Voin Rimsky-Korsakov

From Wikipedia, the free encyclopedia

This is an old revision of this page, as edited by KasparBot (talk | contribs) at 16:00, 23 June 2016 (migrating Persondata to Wikidata, please help, see challenges for this article). The present address (URL) is a permanent link to this revision, which may differ significantly from the current revision.

Voin Rimsky-Korsakov

Voin Andreyevich Rimsky-Korsakov (Russian: Воин Андреевич Римский-Корсаков, IPA: [ˈvoɪn ɐnˈdrʲeɪvʲɪtɕ ˈrʲimskʲɪj ˈkorsəkəf] ; 1822–1871) was a Russian navigator, hydrographer and geographer. He was an elder brother of composer and conductor Nikolai Rimsky-Korsakov.

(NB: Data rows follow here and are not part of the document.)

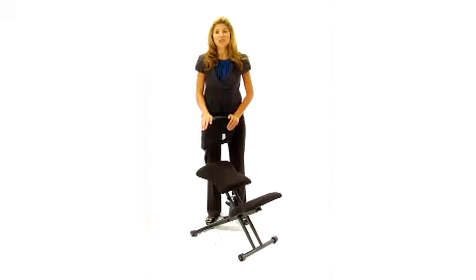If you're looking for a posture-correcting chair at a great price, look no further than this ergonomic kneeling chair with mesh backing.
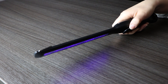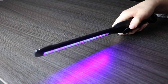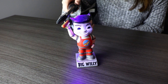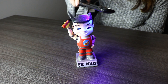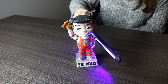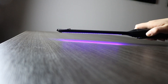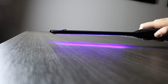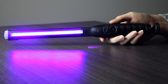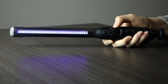To disinfect a surface, you're going to want to crank this bad boy to the max. Hold the wand approximately one to one and a half inches above the object. For small objects or other areas, keep the light on the area for 20 to 30 seconds. For larger areas or objects, move the wand over the area for 15 to 20 seconds. Crank it counterclockwise till you hear the click and you're done — it's just that simple.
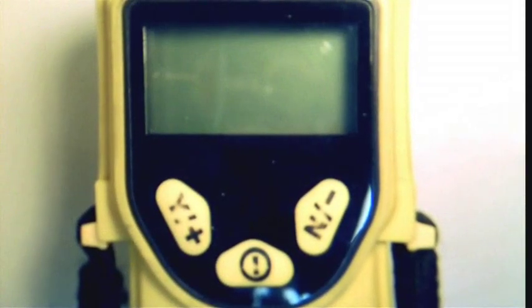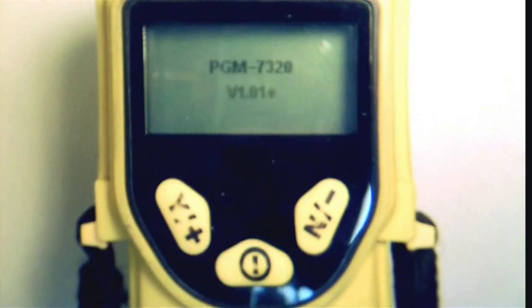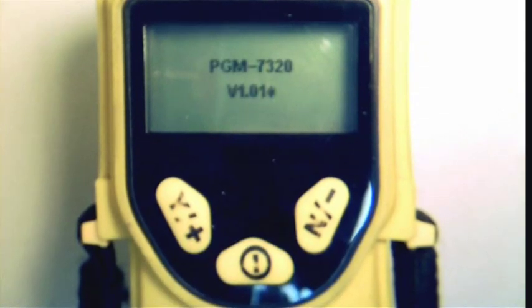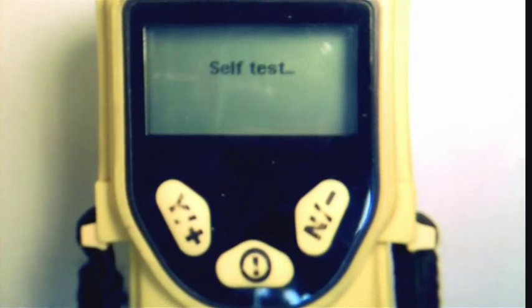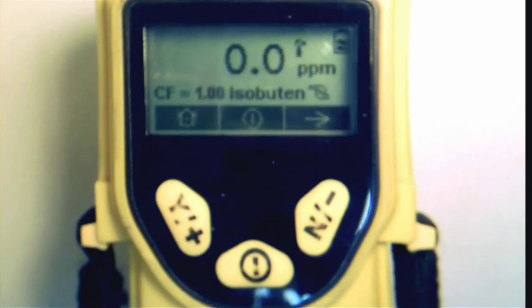To begin, the unit is turned on by pressing and holding the middle power button. Once the unit displays a reading, it is ready.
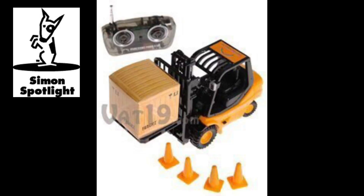A brief tour of the radio controller reveals an on-off switch at the center, a forward and backward directional button, a left and right directional button, an expandable antenna, and an up-and-down control for the fork.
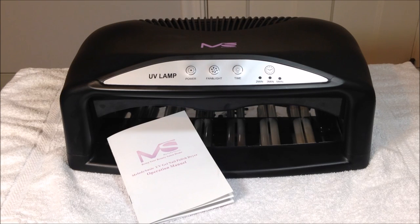Hi everyone, this is Andrea with Chickettes, and today I have the 54 watt UV nail dryer from Melody Suzy. This is a larger unit — it's a two-handed unit that fits both hands at once, and it has nine six-watt bulbs. It is a little bit on the larger side, takes up a bit of space, and is a little bit heavier than some other units I've reviewed, but if you're in the market for a two-handed unit, this is a good option.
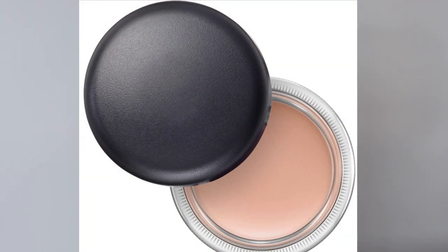To begin this look I'm going to start with the MAC Painterly Pro Longwear Paint Pot and apply that all over the base of both of my eyes. That product works best when applied with your fingers because of the body heat needed to make sure it blends really nicely, so always make sure you're using your fingers to apply it.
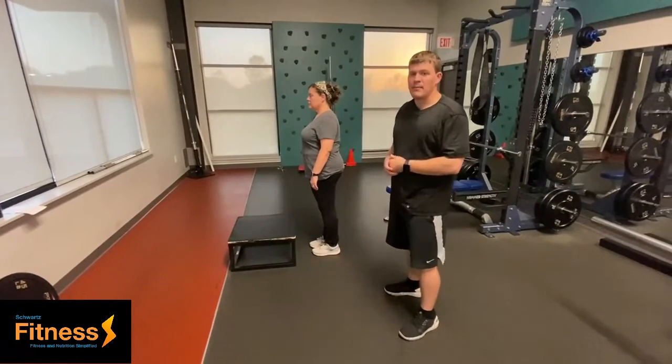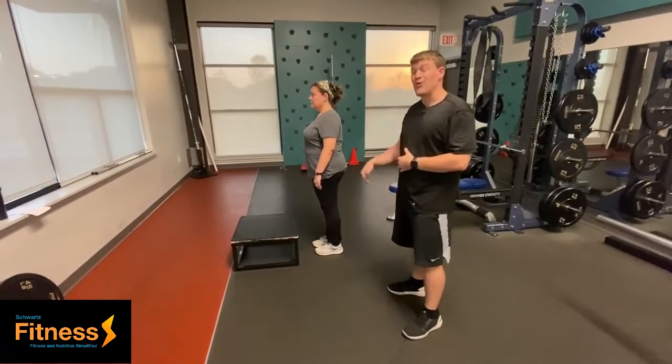Today we're going to be going over the body weight step up. It's a great exercise for the lower body — quads and glutes.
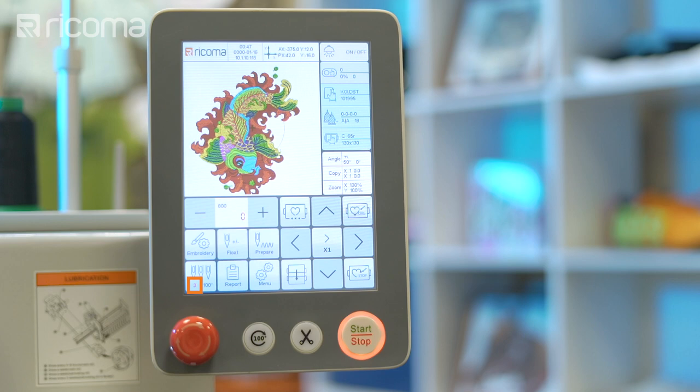The machine must also be aligned to 100 degrees. If you receive a 100-degree error, select the 100-degree key to return the needle to 100 degrees — in other words, to its highest point — to allow the machine to stitch.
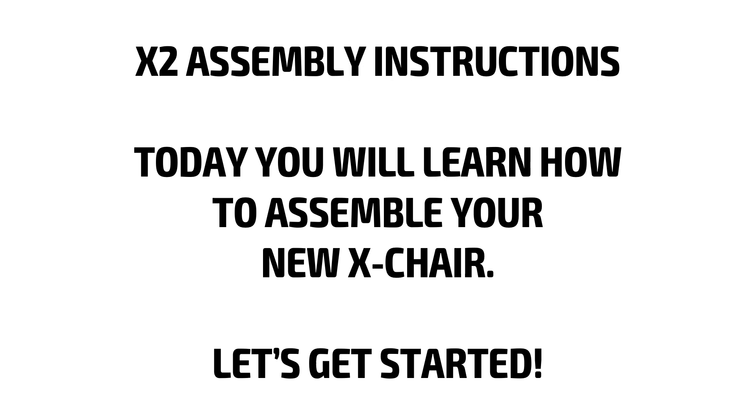X2 assembly instructions. Today you will learn how to assemble your new X-chair. Let's get started.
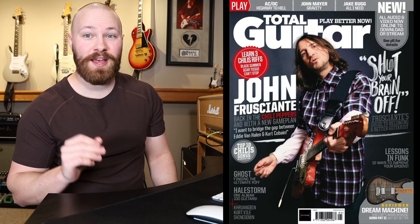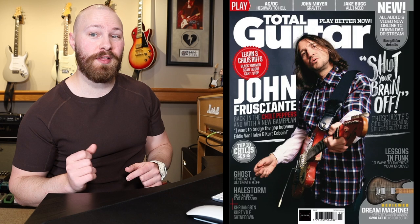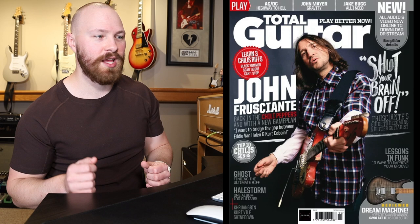Alright guys, part 3 is here. Today we are going to be discussing the amps that John used to record Unlimited Love. Before we get into the amps, I have to quickly mention that the information on the amps used during the recording of Unlimited Love is from the Total Guitar interview with John Frusciante for May 2022. It's an awesome read, you guys really should go and pick it up. Let's get into the amps.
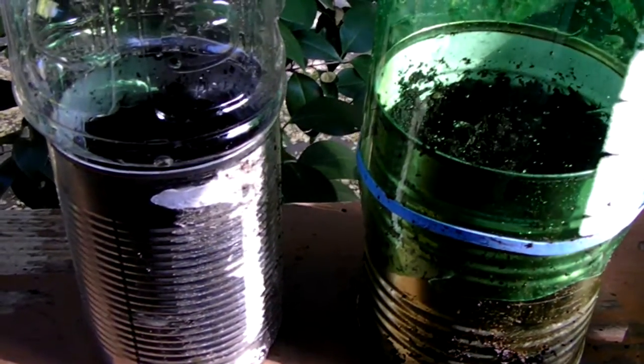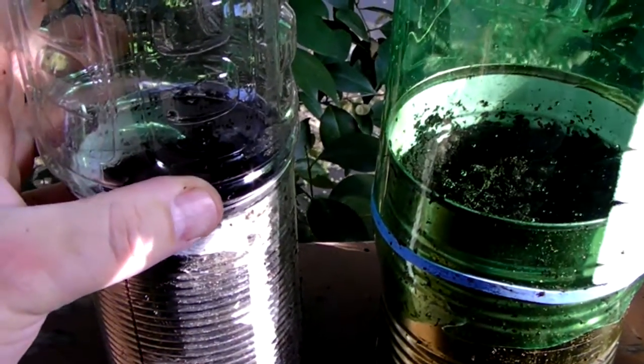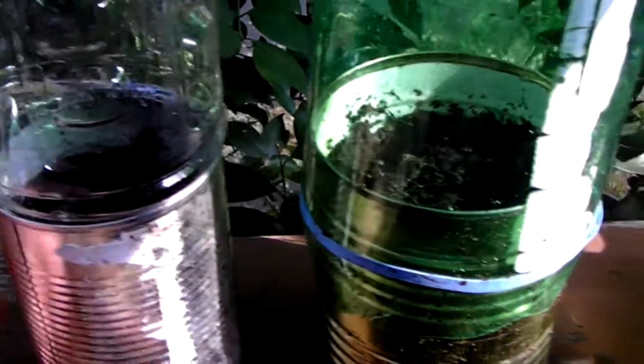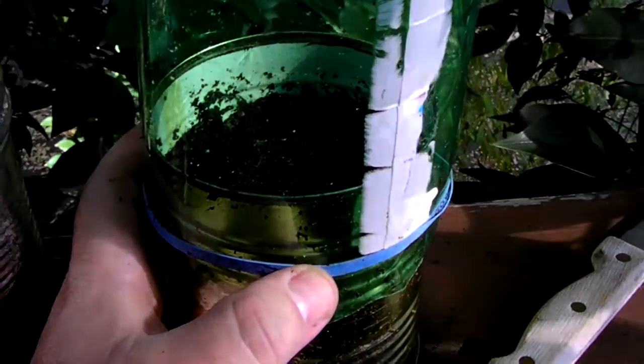So here's the finished product. I have inserted this Gatorade bottle — it fit nicely into this can, so I didn't need to secure it. This soda bottle did not fit as snugly, so I secured it on the outside with a rubber band.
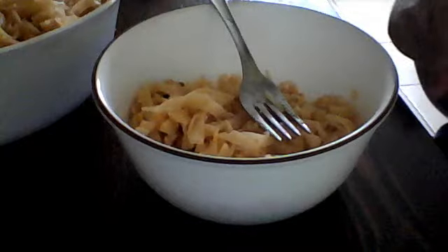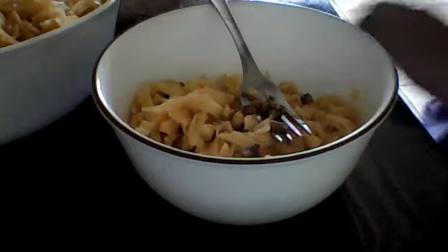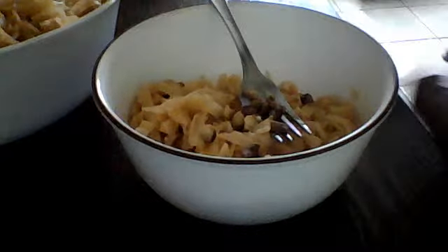So this pad thai is really yummy. What do you think? I'm just going to eat a little bit. Mmm, this is really good. I'm just going to put half of the nuts in there and then just mix the nuts up.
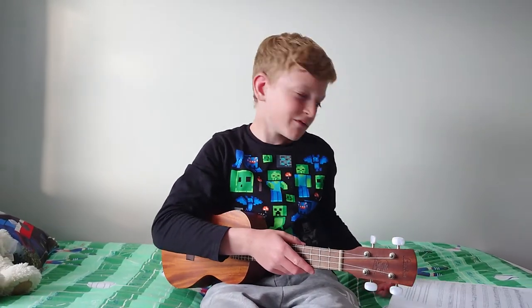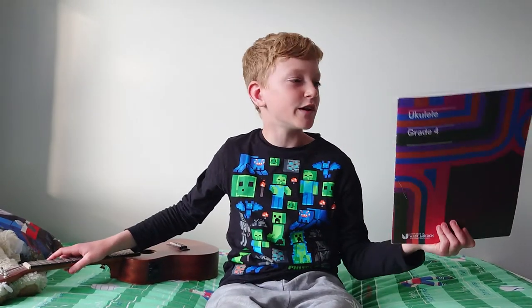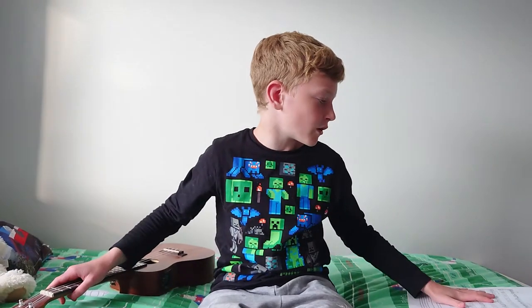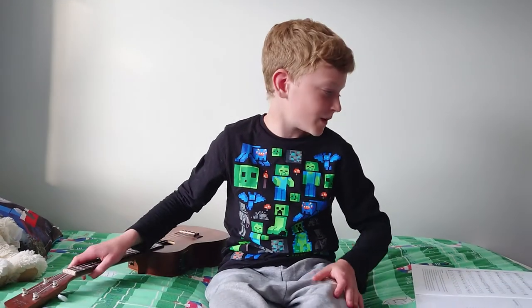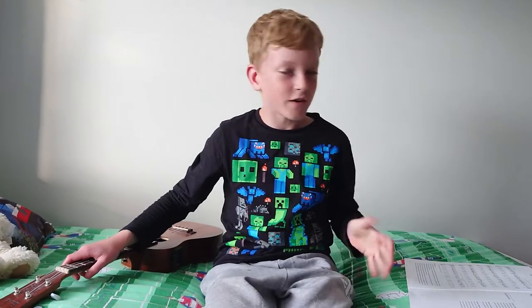Hello everybody, welcome back to another episode of Ukulele with Sean. I haven't been uploading recently because I've been studying and working towards Ukulele Grade 4 exam. I'm going to play Greensleeves from the performance piece of this book. It is nearly four or five hundred years old, so it's pretty old.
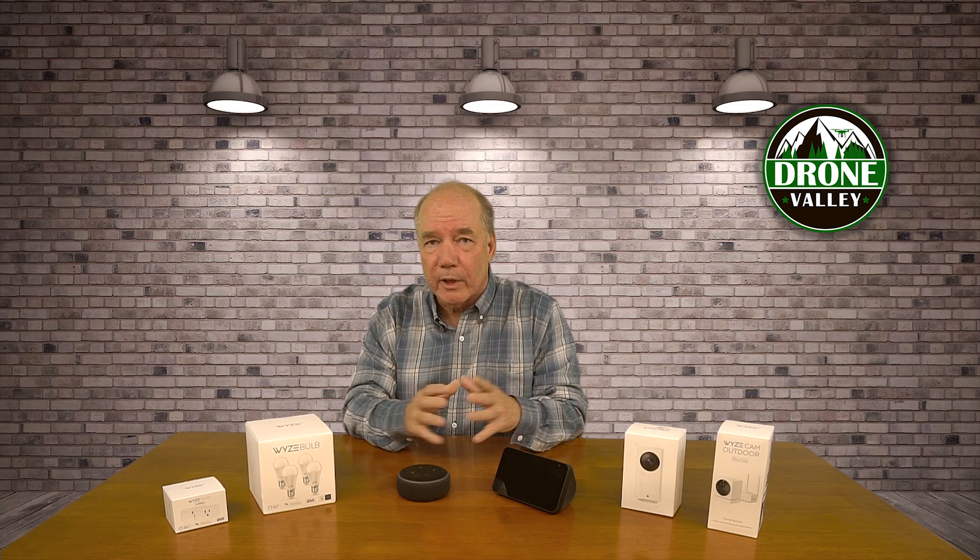So I started looking at some of their other products. I've reviewed their Wyze plug, which you can put into the wall, plug a lamp into it, and turn it on through the application. I just reviewed the Wyze bulbs, which are smart bulbs you can screw into any light socket and turn them on through the app without a hub or any connectivity other than your Wi-Fi.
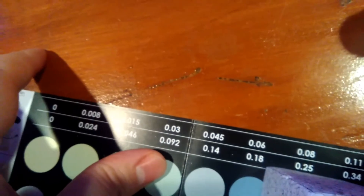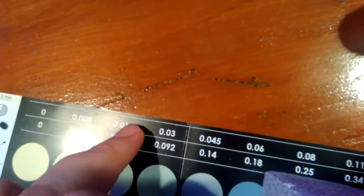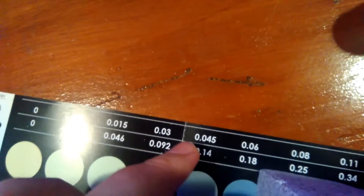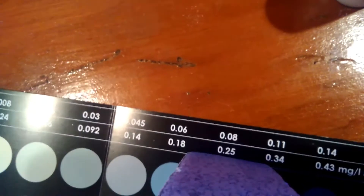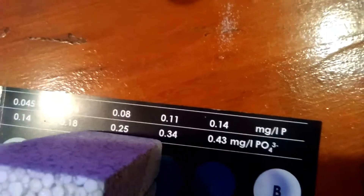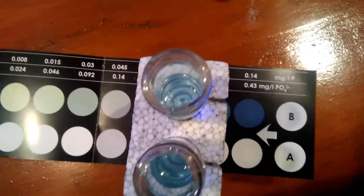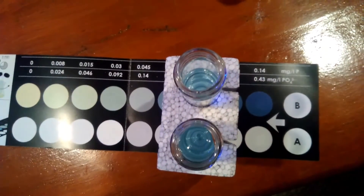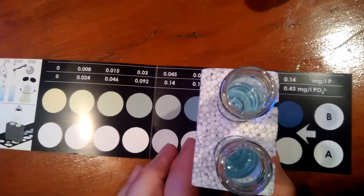The scale values you can read are: 0.008, 0.015, 0.03, 0.045, 0.06, 0.08, 0.11, 0.14. It takes three minutes for this to give you your perfect test results. This is also NIST certified — that stands for the National Institute of Standards and Technology.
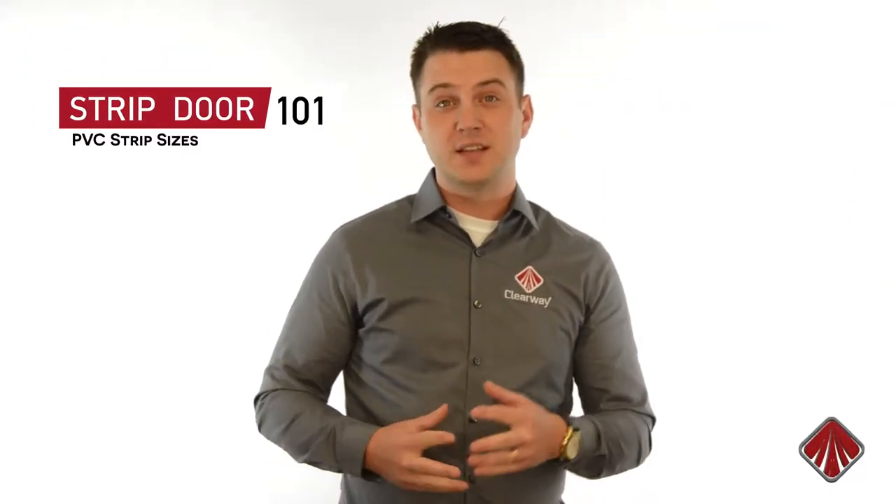Hi, I'm Nick with Clearway. A question we're often asked is which size of PVC strip is right for my application?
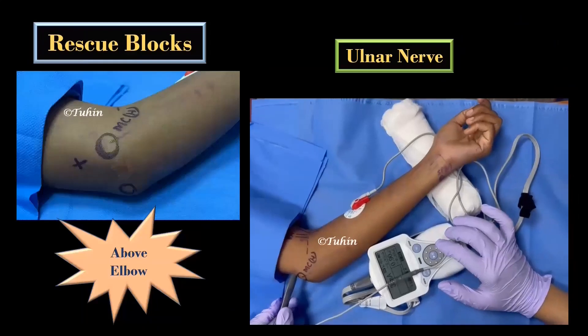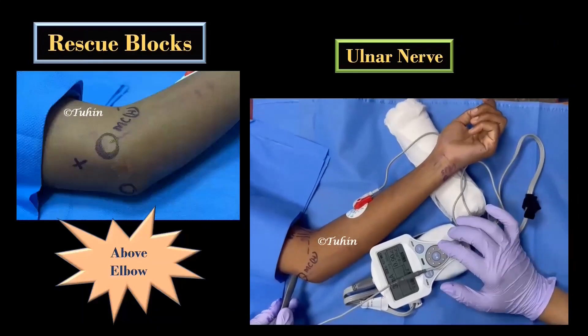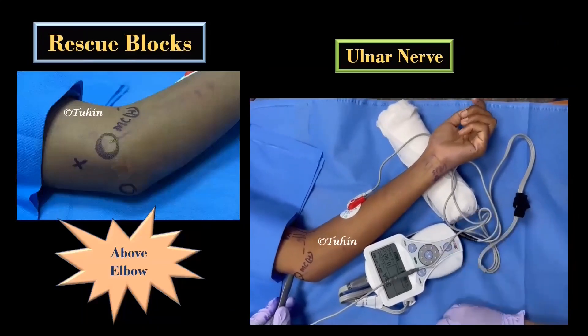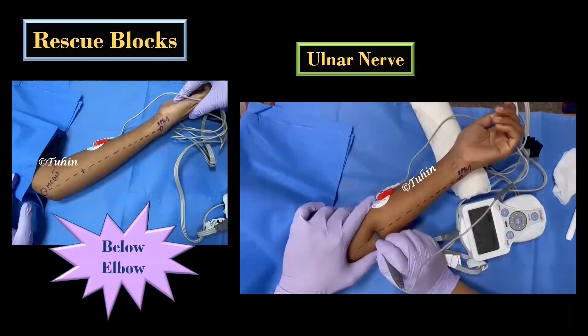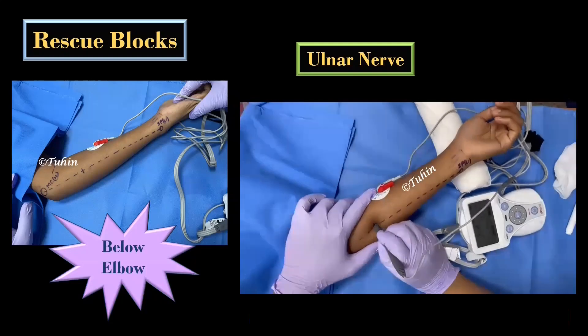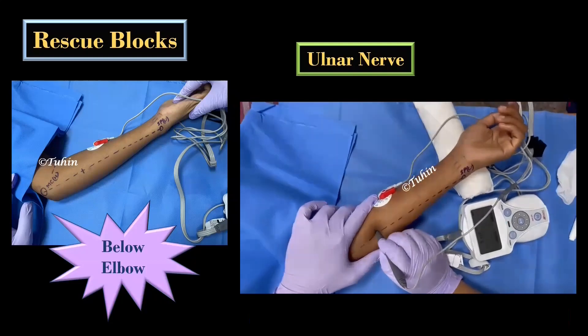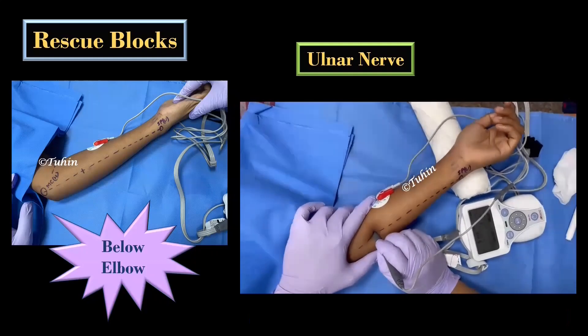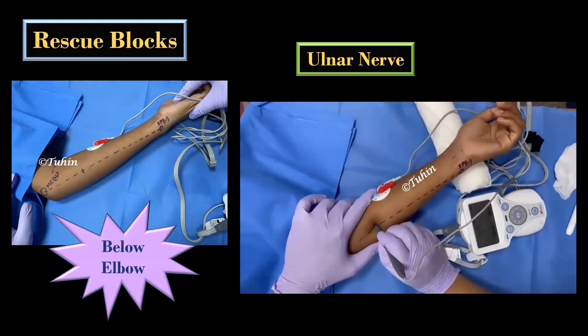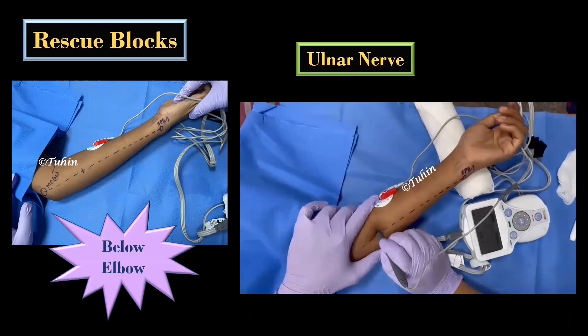For the ulnar nerve block above the elbow, the needle insertion point is 1–2 cm above the level of the medial epicondyle in the ulnar groove. For below the elbow, the line joining the medial epicondyle and the styloid process of the ulna is divided into 3 equal parts. The junction of the proximal one-third and distal two-thirds is the point of needle entry.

Rimsky-Korsakov was born in 1822 into a family of Russian nobility and graduated from the School for Mathematical and Navigational Sciences in Saint Petersburg. He served as a navy officer and commander of the schooner Vostok in the flotilla under the administration of Admiral Yevfimy Putyatin.

In the 1850s and 1860s Rimsky-Korsakov researched the area of the Sea of Japan near Ussuri Krai. Later a small archipelago was named after him.

Rimsky-Korsakov died at the age of 49 in 1871 in Pisa and was buried in Saint Petersburg.[1]